Task instructions:
Of the entries below, restate word for word only the section that runs from the line with "Yellow Lab Mum" to the line with "The United States&#39;", counting both ends.

Collection entries:

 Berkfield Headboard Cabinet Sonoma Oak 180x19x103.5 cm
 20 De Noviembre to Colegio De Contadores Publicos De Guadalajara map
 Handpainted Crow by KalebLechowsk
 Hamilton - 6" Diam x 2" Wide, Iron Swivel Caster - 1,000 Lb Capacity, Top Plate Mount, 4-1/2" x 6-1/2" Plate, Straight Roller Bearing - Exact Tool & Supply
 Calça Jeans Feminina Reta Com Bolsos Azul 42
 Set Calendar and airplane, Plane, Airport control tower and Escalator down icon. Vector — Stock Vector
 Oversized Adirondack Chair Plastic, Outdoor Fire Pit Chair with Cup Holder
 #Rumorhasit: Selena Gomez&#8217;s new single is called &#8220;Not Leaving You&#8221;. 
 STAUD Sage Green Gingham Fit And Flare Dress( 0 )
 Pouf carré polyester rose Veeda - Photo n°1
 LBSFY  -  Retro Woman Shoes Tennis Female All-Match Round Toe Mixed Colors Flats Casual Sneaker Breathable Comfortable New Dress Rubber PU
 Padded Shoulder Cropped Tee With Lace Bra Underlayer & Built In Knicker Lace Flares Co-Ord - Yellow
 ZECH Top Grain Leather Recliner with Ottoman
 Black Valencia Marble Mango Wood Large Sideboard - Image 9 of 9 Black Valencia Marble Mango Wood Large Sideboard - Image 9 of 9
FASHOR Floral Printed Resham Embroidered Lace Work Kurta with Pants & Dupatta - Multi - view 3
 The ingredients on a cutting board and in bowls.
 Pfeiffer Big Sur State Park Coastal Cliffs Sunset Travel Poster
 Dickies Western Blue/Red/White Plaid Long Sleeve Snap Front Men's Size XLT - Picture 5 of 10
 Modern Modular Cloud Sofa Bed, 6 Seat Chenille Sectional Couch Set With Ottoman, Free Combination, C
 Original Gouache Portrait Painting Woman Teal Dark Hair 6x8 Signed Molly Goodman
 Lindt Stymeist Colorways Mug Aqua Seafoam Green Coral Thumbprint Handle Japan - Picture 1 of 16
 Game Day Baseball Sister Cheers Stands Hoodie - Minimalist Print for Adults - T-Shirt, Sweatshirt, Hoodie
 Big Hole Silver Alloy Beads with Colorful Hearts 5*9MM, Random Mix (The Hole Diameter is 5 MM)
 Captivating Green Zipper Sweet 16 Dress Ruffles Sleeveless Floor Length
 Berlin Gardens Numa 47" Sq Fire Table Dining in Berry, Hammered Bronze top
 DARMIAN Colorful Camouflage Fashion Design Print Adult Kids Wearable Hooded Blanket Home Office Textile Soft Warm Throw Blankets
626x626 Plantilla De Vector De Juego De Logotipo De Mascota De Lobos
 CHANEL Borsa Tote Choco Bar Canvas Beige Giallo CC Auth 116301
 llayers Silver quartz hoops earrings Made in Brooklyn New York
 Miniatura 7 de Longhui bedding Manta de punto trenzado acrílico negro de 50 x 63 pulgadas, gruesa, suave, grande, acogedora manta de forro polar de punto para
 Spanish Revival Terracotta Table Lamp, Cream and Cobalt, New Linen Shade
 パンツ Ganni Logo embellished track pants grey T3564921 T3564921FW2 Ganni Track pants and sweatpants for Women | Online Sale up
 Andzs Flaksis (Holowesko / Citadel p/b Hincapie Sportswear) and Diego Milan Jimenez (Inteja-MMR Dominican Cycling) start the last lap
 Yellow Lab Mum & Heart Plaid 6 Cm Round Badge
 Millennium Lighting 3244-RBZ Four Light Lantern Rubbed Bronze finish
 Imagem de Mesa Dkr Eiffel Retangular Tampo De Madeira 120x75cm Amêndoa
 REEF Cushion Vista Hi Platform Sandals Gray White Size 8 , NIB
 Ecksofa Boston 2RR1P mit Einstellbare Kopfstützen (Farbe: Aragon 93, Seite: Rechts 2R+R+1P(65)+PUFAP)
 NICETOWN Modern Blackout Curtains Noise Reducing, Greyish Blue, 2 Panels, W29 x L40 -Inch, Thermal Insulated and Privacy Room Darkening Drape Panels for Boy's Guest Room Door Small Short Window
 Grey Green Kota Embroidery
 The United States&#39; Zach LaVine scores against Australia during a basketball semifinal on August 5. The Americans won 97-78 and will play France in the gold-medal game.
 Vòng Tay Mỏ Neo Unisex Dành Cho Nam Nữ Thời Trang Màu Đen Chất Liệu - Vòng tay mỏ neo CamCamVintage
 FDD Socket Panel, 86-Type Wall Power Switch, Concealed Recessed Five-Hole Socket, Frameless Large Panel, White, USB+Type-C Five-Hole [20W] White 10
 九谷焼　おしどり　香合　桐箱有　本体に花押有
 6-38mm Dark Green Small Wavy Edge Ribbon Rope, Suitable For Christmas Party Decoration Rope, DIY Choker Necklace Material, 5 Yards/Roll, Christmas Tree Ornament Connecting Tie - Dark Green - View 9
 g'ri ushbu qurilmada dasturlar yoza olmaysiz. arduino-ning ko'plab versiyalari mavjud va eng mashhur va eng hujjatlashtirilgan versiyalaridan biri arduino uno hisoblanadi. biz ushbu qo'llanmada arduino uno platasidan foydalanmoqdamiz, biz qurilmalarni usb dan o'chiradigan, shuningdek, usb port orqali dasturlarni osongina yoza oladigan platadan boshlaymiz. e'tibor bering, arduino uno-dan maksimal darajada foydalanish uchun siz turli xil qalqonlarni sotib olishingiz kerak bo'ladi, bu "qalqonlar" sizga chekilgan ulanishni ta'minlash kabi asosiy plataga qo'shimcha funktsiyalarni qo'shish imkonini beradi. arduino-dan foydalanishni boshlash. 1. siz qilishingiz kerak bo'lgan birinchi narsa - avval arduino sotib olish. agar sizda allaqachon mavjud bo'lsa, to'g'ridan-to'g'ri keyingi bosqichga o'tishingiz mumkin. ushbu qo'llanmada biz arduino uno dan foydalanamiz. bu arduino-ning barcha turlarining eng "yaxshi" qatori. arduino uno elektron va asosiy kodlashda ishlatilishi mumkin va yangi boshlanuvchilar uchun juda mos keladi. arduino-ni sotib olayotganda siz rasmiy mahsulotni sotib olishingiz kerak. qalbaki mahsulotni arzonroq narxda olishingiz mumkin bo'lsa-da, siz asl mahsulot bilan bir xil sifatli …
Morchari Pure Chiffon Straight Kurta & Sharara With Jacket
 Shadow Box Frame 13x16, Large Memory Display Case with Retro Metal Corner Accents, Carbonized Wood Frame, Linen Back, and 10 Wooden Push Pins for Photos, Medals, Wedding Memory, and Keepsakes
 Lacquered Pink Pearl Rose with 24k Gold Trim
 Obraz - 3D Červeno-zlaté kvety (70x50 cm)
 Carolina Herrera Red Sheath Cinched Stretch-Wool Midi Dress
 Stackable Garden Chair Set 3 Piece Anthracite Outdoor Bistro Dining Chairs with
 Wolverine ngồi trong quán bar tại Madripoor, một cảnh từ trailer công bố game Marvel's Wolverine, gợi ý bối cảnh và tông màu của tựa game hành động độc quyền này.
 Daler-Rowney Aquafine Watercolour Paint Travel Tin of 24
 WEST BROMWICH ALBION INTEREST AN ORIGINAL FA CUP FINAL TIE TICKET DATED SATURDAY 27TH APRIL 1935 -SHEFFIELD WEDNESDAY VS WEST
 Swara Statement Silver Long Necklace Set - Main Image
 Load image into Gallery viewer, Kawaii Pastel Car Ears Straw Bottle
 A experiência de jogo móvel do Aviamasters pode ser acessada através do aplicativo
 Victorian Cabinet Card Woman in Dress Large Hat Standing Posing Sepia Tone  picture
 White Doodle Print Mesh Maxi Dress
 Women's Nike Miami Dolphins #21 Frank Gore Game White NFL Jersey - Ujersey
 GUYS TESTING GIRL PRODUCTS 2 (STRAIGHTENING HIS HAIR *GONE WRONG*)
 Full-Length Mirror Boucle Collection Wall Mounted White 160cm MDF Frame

Solution:
 Yellow Lab Mum & Heart Plaid 6 Cm Round Badge
 Millennium Lighting 3244-RBZ Four Light Lantern Rubbed Bronze finish
 Imagem de Mesa Dkr Eiffel Retangular Tampo De Madeira 120x75cm Amêndoa
 REEF Cushion Vista Hi Platform Sandals Gray White Size 8 , NIB
 Ecksofa Boston 2RR1P mit Einstellbare Kopfstützen (Farbe: Aragon 93, Seite: Rechts 2R+R+1P(65)+PUFAP)
 NICETOWN Modern Blackout Curtains Noise Reducing, Greyish Blue, 2 Panels, W29 x L40 -Inch, Thermal Insulated and Privacy Room Darkening Drape Panels for Boy's Guest Room Door Small Short Window
 Grey Green Kota Embroidery
 The United States&#39; Zach LaVine scores against Australia during a basketball semifinal on August 5. The Americans won 97-78 and will play France in the gold-medal game.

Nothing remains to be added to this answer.